Il ricorrente ha quindi chiesto al TAR di condannare l’Amministrazione a eseguire la sentenza, di disporre la nomina di un commissario ad acta per l’ipotesi di persistente inottemperanza e di condannarla al pagamento della penalità di mora, oltre alla rifusione delle spese di lite con distrazione in favore del difensore antistatario. Il Ministero si è costituito con atto di mera forma.
La Motivazione della Corte
Il TAR ha accolto il ricorso, ritenendo fondata la domanda di ottemperanza. Dagli atti risultava la regolare notifica della sentenza del giudice del lavoro in data 28/04/2025, il suo passaggio in giudicato e l’inutile decorso del termine di centoventi giorni previsto dall’art. 14, comma 1, d.l. n. 669/1996. Il Collegio ha quindi disposto che il Ministero desse completa esecuzione alla pronuncia nel termine di novanta giorni dalla comunicazione della sentenza o dalla sua notificazione, se anteriore.
Quanto alla domanda di nomina del commissario ad acta, il TAR l’ha accolta, designando il Direttore Generale della Ragioneria Territoriale dello Stato di Varese quale organo ausiliario del giudice, con il compito di porre in essere tutti gli atti necessari all’esecuzione della sentenza entro sessanta giorni dalla richiesta della parte interessata. Il commissario potrà ricorrere, in caso di incapienza di fondi dell’Amministrazione, ai capitoli di bilancio destinati ai pagamenti in questione e all’istituto del pagamento in conto sospeso ex art. 14, comma 2, d.l. n. 669/1996. Non è stata disposta alcuna liquidazione di compenso, trattandosi di funzioni affidate a un dipendente pubblico già inserito nella struttura dell’Amministrazione debitrice.
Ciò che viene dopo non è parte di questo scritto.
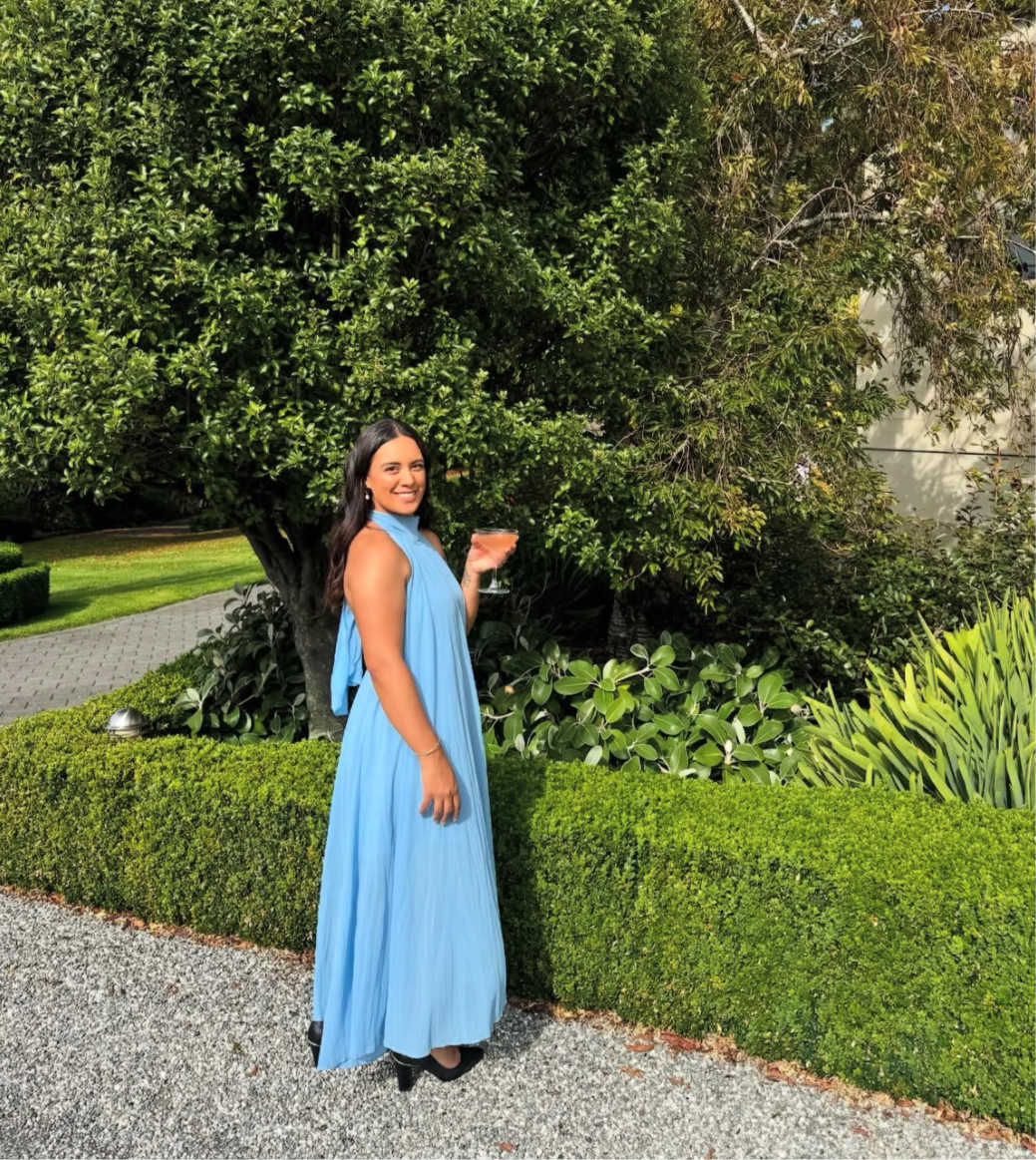 Cascade Crush Gown in Sky Blue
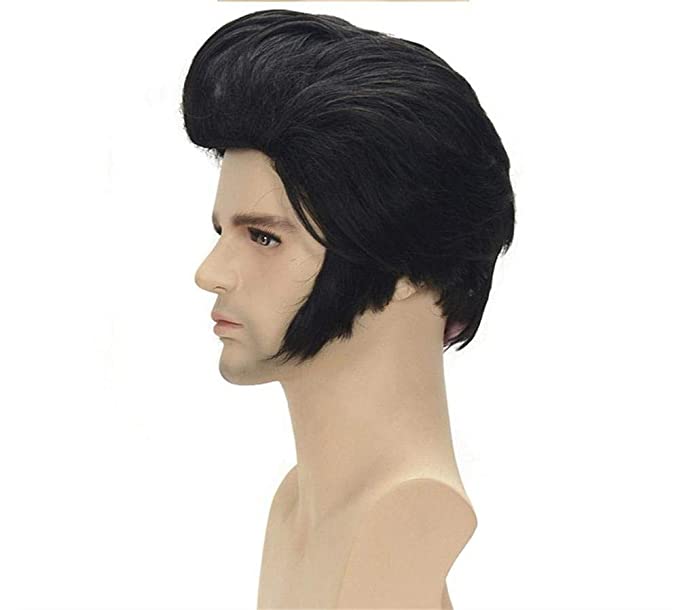 Topcosplay Men's Wigs Black Short Elvis Wig Cosplay Halloween Costumes Wigs Pompadour Wig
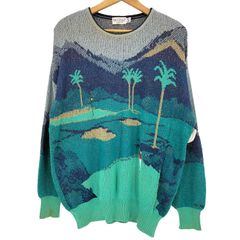 土日限）BICOLMANモヘア アート刺繍 クールネックセーターメンズ 90s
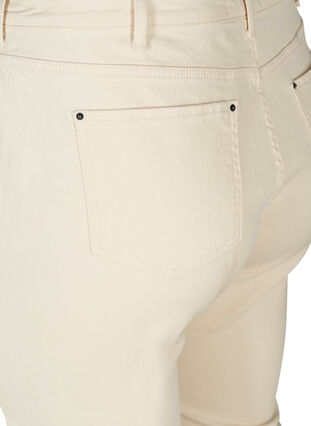 Cropped Mille mom jeans med rå kanter, Ecru, Packshot image number 3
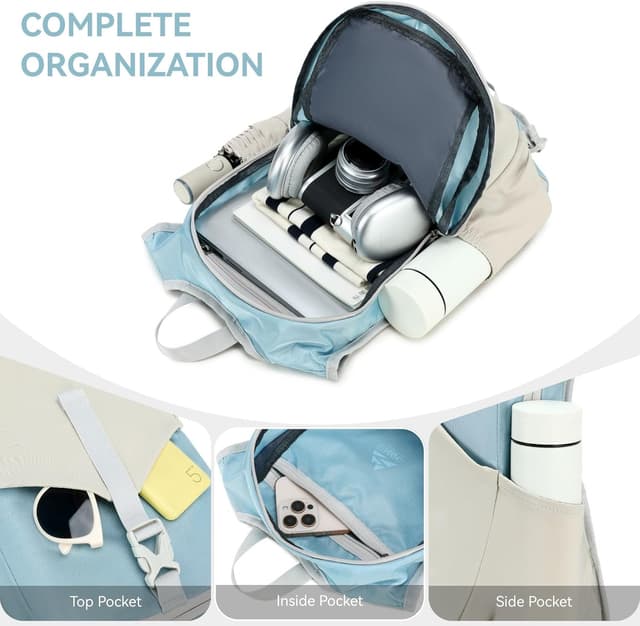 Detalle de UTIAMIAOGONGO 15L petit sac à dos de randonnée pliable léger (bleu clair)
Il TAR ha invece respinto la domanda di condanna al pagamento della penalità di mora ex art. 114, comma 4, lett. e), c.p.a. Richiamando l’Adunanza Plenaria del Consiglio di Stato n. 15 del 25 giugno 2014, il Collegio ha evidenziato che la norma aggiunge al limite della manifesta iniquità la sussistenza di «altre ragioni ostative». Nel caso di specie, tali ragioni sono state individuate nella complessità del procedimento di attivazione della carta docente, che coinvolge una pluralità di soggetti e strutture centralizzate, e nella natura del beneficio, configurato come incentivo meramente eventuale e non quale mezzo di sostentamento del lavoratore.
Le spese del giudizio sono state poste a carico dell’Amministrazione soccombente, liquidate in 800,00 euro oltre accessori e contributo unificato, con distrazione in favore del procuratore dichiaratosi antistatario.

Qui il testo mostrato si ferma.